Try it:
Only the lines below starting at the one that contains "Pre Owned Salvatore" and ending at the one that contains "by David Hobson" are to be reproduced, exactly and with both ends kept.

Records from a data collection:

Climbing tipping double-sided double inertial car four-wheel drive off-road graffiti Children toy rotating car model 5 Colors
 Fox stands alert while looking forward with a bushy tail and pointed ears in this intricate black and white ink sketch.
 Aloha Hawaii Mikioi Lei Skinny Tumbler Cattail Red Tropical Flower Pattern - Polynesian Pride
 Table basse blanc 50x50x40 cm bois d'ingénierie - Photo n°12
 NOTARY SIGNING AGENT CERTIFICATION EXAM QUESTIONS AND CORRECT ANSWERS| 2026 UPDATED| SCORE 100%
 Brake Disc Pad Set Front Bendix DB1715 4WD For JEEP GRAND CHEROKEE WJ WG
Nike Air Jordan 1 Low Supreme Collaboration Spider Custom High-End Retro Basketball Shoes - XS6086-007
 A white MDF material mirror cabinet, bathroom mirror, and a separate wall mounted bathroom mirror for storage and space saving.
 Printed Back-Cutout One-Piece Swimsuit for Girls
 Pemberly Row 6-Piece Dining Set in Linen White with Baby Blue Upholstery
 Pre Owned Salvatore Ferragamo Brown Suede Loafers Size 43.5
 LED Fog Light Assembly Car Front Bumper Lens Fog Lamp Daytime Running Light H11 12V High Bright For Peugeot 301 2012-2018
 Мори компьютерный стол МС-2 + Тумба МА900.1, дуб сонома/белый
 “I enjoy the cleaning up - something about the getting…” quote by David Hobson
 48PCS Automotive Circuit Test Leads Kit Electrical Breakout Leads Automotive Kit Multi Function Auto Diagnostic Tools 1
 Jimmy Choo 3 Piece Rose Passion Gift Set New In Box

Output:
 Pre Owned Salvatore Ferragamo Brown Suede Loafers Size 43.5
 LED Fog Light Assembly Car Front Bumper Lens Fog Lamp Daytime Running Light H11 12V High Bright For Peugeot 301 2012-2018
 Мори компьютерный стол МС-2 + Тумба МА900.1, дуб сонома/белый
 “I enjoy the cleaning up - something about the getting…” quote by David Hobson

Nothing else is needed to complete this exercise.